Backend Development 26 min read

How PhxQueue Achieves High‑Throughput, High‑Reliability Distributed Queuing with Paxos

PhxQueue, an open‑source, Paxos‑based distributed queue from WeChat, delivers at‑least‑once delivery, synchronous disk flushing, strict ordering, multi‑subscription, and high availability, outperforming Kafka in reliability and latency while maintaining comparable throughput, as demonstrated through detailed design, performance, and failover analyses.

WeChat Backend Team

Sep 12, 2017

How PhxQueue Achieves High‑Throughput, High‑Reliability Distributed Queuing with Paxos

Open source address: https://github.com/Tencent/phxqueue

PhxQueue is an open‑source, Paxos‑based distributed queue developed by WeChat that provides high availability, high throughput, and high reliability with At‑Least‑Once delivery, and is widely used internally for critical services such as WeChat Pay and the public platform.

Message Queue Overview

Message queues, as a mature asynchronous communication pattern, offer several advantages over synchronous communication:

Decoupling: prevents excessive API integration from jeopardizing system stability; improper usage by callers can overload providers, and mishandling by providers can degrade caller responsiveness.

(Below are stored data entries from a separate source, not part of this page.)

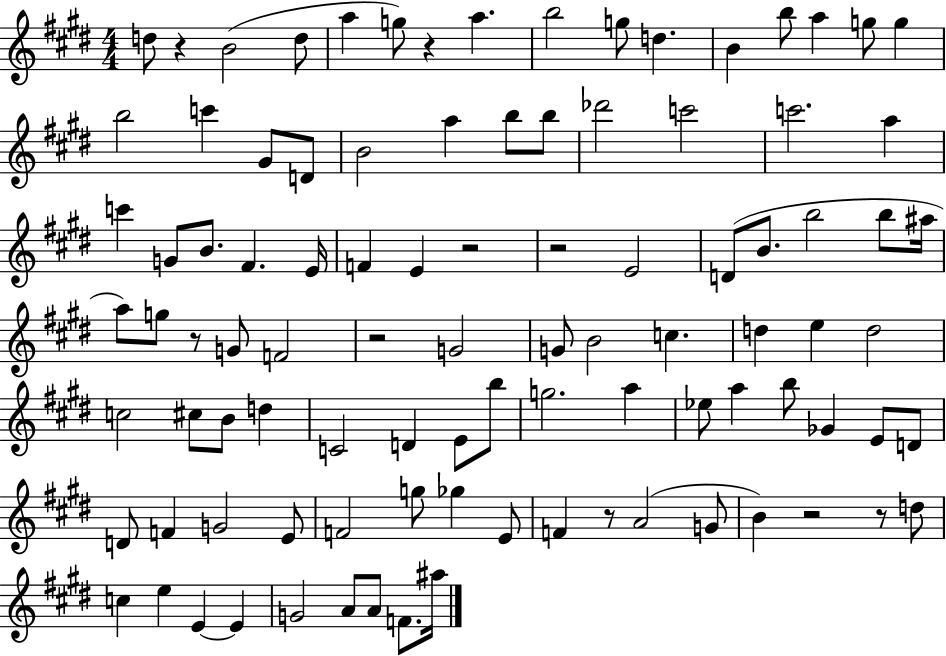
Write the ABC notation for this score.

X:1
T:Untitled
M:4/4
L:1/4
K:E
d/2 z B2 d/2 a g/2 z a b2 g/2 d B b/2 a g/2 g b2 c' ^G/2 D/2 B2 a b/2 b/2 _d'2 c'2 c'2 a c' G/2 B/2 ^F E/4 F E z2 z2 E2 D/2 B/2 b2 b/2 ^a/4 a/2 g/2 z/2 G/2 F2 z2 G2 G/2 B2 c d e d2 c2 ^c/2 B/2 d C2 D E/2 b/2 g2 a _e/2 a b/2 _G E/2 D/2 D/2 F G2 E/2 F2 g/2 _g E/2 F z/2 A2 G/2 B z2 z/2 d/2 c e E E G2 A/2 A/2 F/2 ^a/4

Peak‑shaving and flow control: producers never block, and bursty messages are buffered in the queue while consumers read at their own pace.

Reuse: one publish can serve multiple subscribers.

Background of PhxQueue

Legacy Queue

The original distributed queue (referred to as the legacy queue) was a self‑developed core component of WeChat’s backend, providing decoupling, caching, and asynchronous capabilities across many business scenarios.

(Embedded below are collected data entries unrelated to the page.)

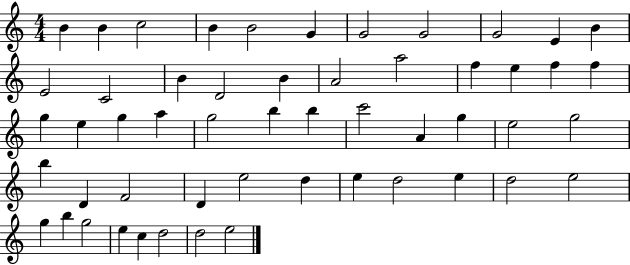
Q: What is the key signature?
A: C major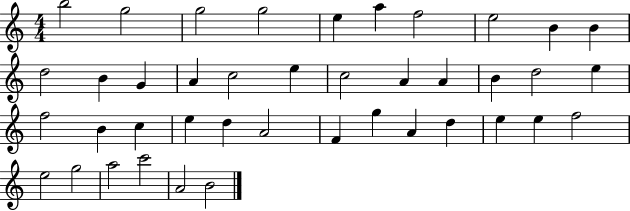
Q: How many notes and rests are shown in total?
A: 41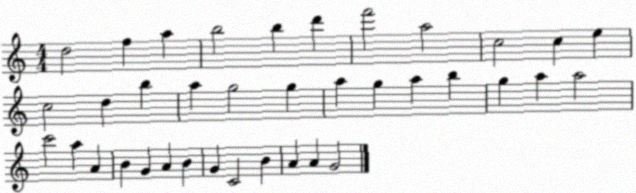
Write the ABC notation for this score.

X:1
T:Untitled
M:4/4
L:1/4
K:C
d2 f a b2 b d' f'2 a2 c2 c e c2 d b a g2 g a g a b g a a2 c'2 a A B G A B G C2 B A A G2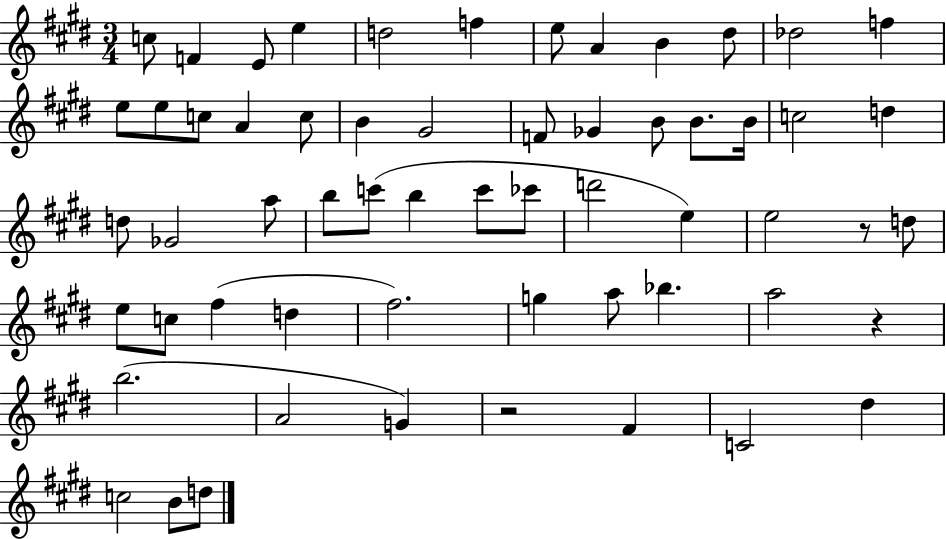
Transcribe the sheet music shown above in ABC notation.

X:1
T:Untitled
M:3/4
L:1/4
K:E
c/2 F E/2 e d2 f e/2 A B ^d/2 _d2 f e/2 e/2 c/2 A c/2 B ^G2 F/2 _G B/2 B/2 B/4 c2 d d/2 _G2 a/2 b/2 c'/2 b c'/2 _c'/2 d'2 e e2 z/2 d/2 e/2 c/2 ^f d ^f2 g a/2 _b a2 z b2 A2 G z2 ^F C2 ^d c2 B/2 d/2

The legacy queue used Quorum NRW as its synchronization mechanism (N=3, W=R=2) with asynchronous disk flushing, balancing performance and availability.

New Requirements

As business grew, the legacy queue showed several shortcomings:

Asynchronous flushing raised data reliability concerns

For payment‑related services, data reliability is paramount. Most distributed queue solutions rely on synchronous replication plus asynchronous flushing, but we believe synchronous flushing is needed to further improve reliability.

Message ordering issues

Some services require strict ordering, which NRW cannot guarantee.

Additional problems included duplicate removal, load balancing, and other issues that motivated a new design.

Shortcomings of Existing Solutions

Kafka, a popular message queue in the big‑data domain, offers high throughput, automatic failover, and ordered enqueue/dequeue, but it falls short in scenarios demanding strong data reliability:

Conflict Between Performance and Synchronous Flushing

Enabling synchronous flushing (log.flush.interval.messages=1) dramatically reduces Kafka’s throughput due to SSD write amplification and limited effectiveness of producer batching in business‑level workloads.

SSD write amplification

Typical business messages are around 1 KB, while SSDs write in 4 KB pages. Flushing sub‑4 KB messages causes the physical write size to be several times larger than the logical message size, wasting bandwidth.

Producer batch ineffective for business workloads

In business scenarios each request has its own context, making batching difficult. Even with a proxy layer, the large number of proxy nodes prevents effective batch reduction, so write amplification remains.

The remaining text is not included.